RSS

Generating EigenFaces with Mahout SVD to recognize person faces


@ Author: Copy from Chimper Blog

catnmouseIn this tutorial, we are going to describe how to generate and use eigenfaces to recognize people faces.
Eigenfaces are a set of eigenvectors derived from the covariance matrix of the probability distribution of the high-dimensional vector space of possible faces of human beings. It can be used to identify a face on a picture from a person face database very quickly. In this post, we’ll not give much details on the mathematical aspects but if you are interested on those, you can look at the excellent post Face Recognition using Eigenfaces and Distance Classifiers: A Tutorial from the Onionesque Reality Blog.

Requirements

To do this tutorial, you would need to have the following softwares installed on your machine:

  • Java >= 1.6
  • Hadoop
  • Mahout
  • Maven

You can find the instructions to install those from a previous post Playing with the Mahout recommendation engine on a Hadoop cluster.

Compiling the code

All the sourcecode, the training sets and testing sets are in the github repository at https://github.com/fredang/mahout-eigenface-example/

You can fetch the files from this repository by typing:

$ git clone https://github.com/fredang/mahout-eigenface-example.git

This repository is structured as follow:

Once you fetched the project, you can compile it using maven:

$ mvn clean package assembly:single

It creates a jar file in the directory target which all the dependencies and the compiled class from the src/main/java directory.

Preparing the data set

You can download the yale face database by going to this page: http://vision.ucsd.edu/content/yale-face-database

Unzip the file:

$ unzip yalefaces.zip

Now we are going to split this file into two sets: a training set and a testing set:

$ mkdir training-set
$ mv yalefaces/* training-set/

For the testing set, we are removing the sad facial expression from the training set and move it to the testing set:

$ mkdir testing-set
$ mv training-set/*.sad testing-set/

We also add two non face images(hamburger and cat) and one person face unknown to the training set(Bruce Lee):

$ cp [MAHOUT EIGENFACE EXAMPLE DIRECTORY]/images/yalefaces-test/* testing-set

Training the model

The training is implemented in the class GenerateCovarianceMatrix to generate the covariance matrix.
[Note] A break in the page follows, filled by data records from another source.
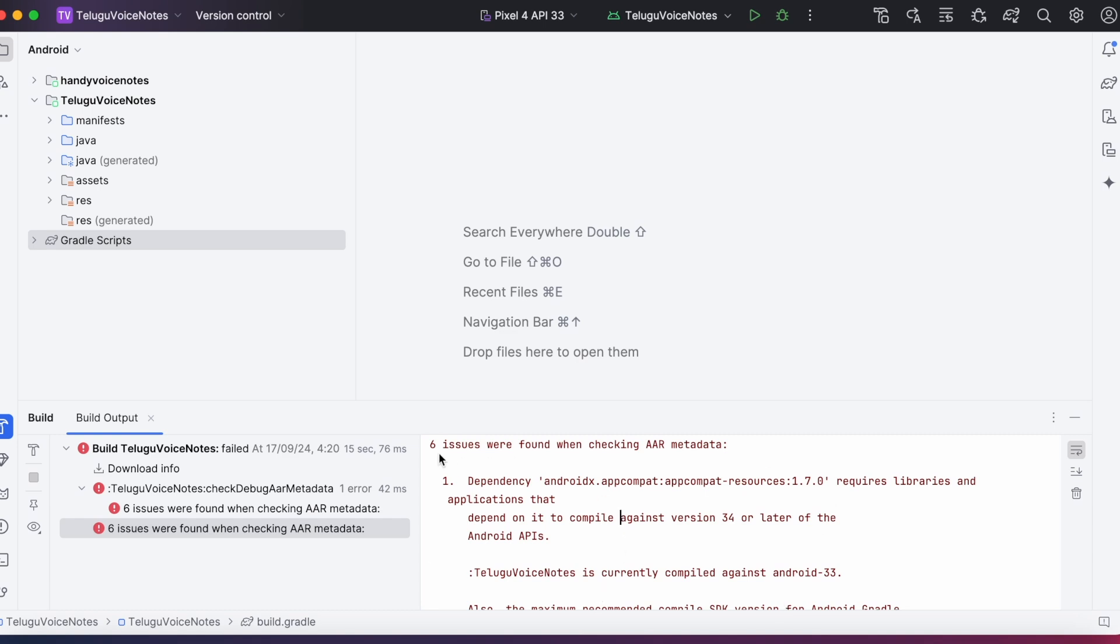Hello developers, in this video I am going to show you how to solve this new build error.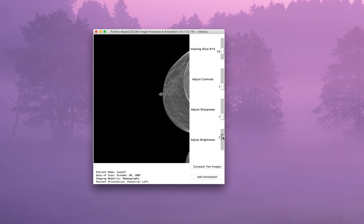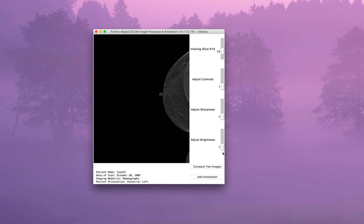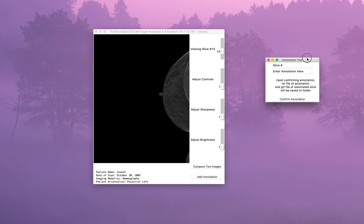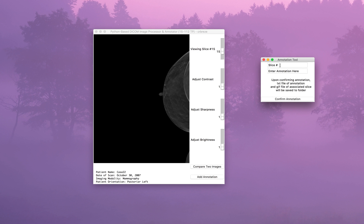These files can be openly downloaded from a variety of sources. If you Google open source DICOM file download, you can find some. There are also some available through University of Pittsburgh Medical Center, which I will link in the description below.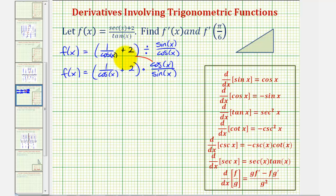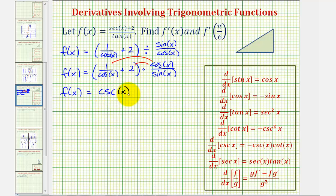Now we'll distribute. When multiplying one over cosine x and cosine x over sine x, notice cosine x over cosine x simplifies to one, so we'd be left with one over sine x, which equals cosecant x. And for the second product, two times cosine x divided by sine x is equal to cotangent x, so we have plus two cotangent x.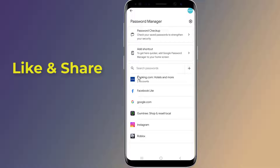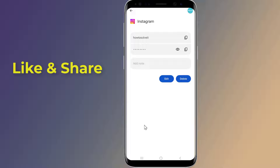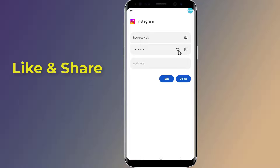Here you will find all app passwords saved on your Android phone in your Google account. Tap on any app you want to see the saved password for. You may need to enter your phone's password or provide a face or touch ID. Then tap the eye icon to reveal the password.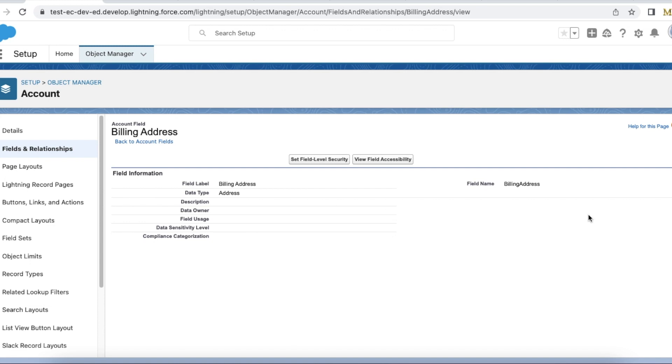Hello everyone, in this video we are going to see how to create custom address fields and also how to query the custom address fields using SOQL in Salesforce. In Salesforce we currently have custom address fields which we can create which are very similar to standard address fields.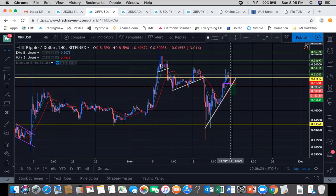Starting on the 4-hour, we're in a current downtrend right now because pushdowns are impulses, consolidations are pullbacks, pushdown impulse — now we got the pullback retrace.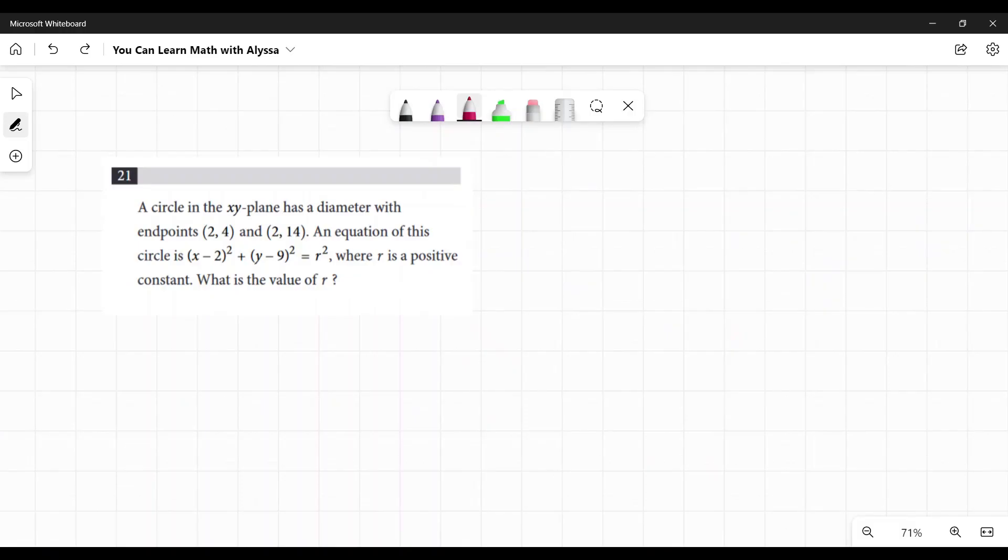A circle in the x-y plane has a diameter with endpoints 2, 4, and 2, 14. An equation of this circle is x minus 2 squared plus y minus 9 squared equals r squared, where r is a positive constant. What is the value of r?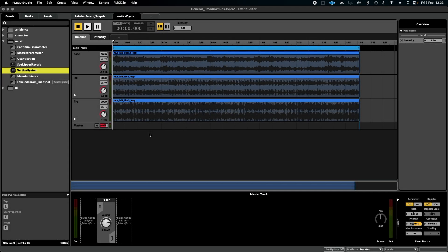Hello, welcome to another episode of FMOD in 2 Minutes, the series for beginners in game audio implementation.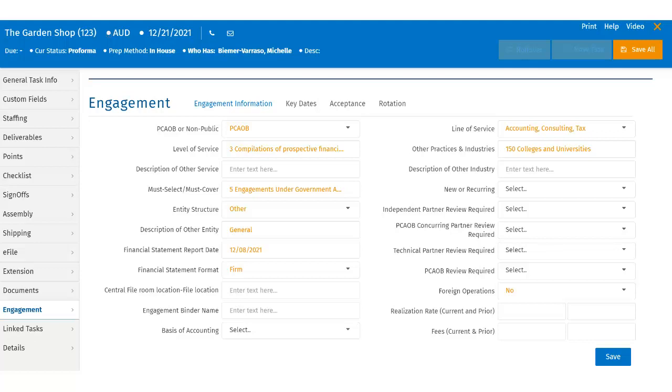Users can identify whether the client is subject to PCAOB regulation. They can then select the corresponding level of service. Users can specify an additional ID to tag the engagement from Must Select, Must Cover. They can identify the entity structure of the client.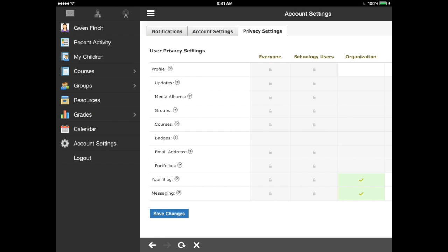The last option is log out. If you do not log out, the next time you open the Schoology app you will still be logged in. If you want your student to log into his or her Schoology account, you will need to log out of your account first and then they can log in.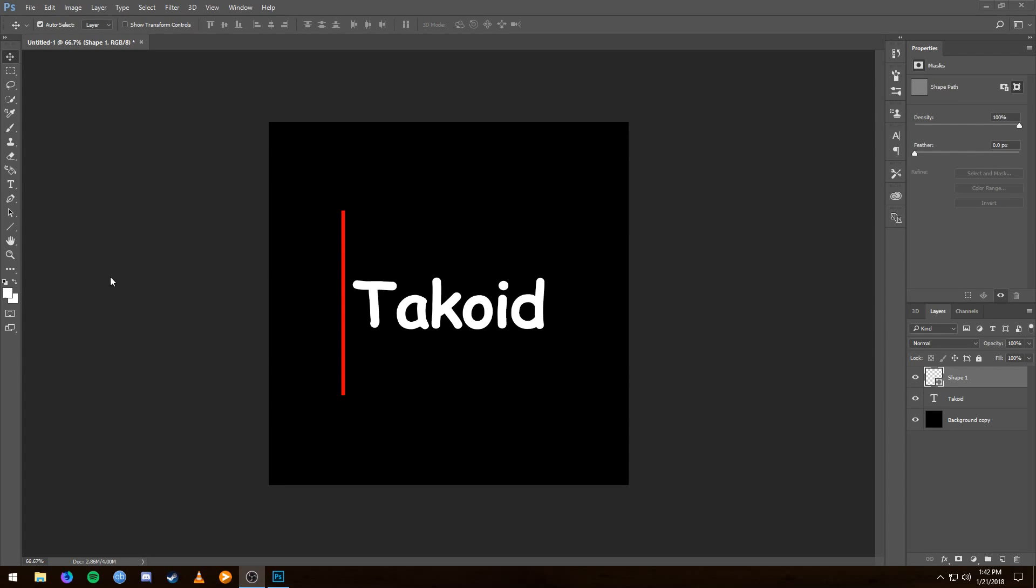Hello YouTube, what's up guys, it is Takoid here and I am here with a video—I should say an updated video—showing you guys how to use timeline animation in Adobe Photoshop.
The arguments of this class are:

  • image width: it is used to scale down the image width so that the computation does not take too much memory
  • image height
  • training directory: directory containing the training face images
  • output directory

$ java -cp target/mahout-eigenface-example-1.0-jar-with-dependencies.jar com.chimpler.example.eigenface.GenerateCovarianceMatrix 80 60 [TRAINING_SET_DIRECTORY] output
This program:

  1. reads all the n image files from the training directory
  2. convert each image to greyscale and scale down the image
    person-sample
  3. create a matrix M with each column representing an image. The column has a length of w xand each of its element represents a shade of grey with a value between 0(black) and 255(white).
  4. compute the mean image and write it in output/mean-image.gif. It is computed by averaging each pixel of the images
    mean-image
  5. compute the diff matrix DM by substracting the mean image to M
  6. Compute the covariance matrix transpose(DM) x DM. It gives the matrix of size n x n
  7. write the diff matrix DM to output/diffmatrix.seq
  8. write the covariance matrix to output/covariance.seq

Now we need to compute the eigenvectors of the covariance matrix. It can be done using the Mahout Singular Value Decomposition(SVD).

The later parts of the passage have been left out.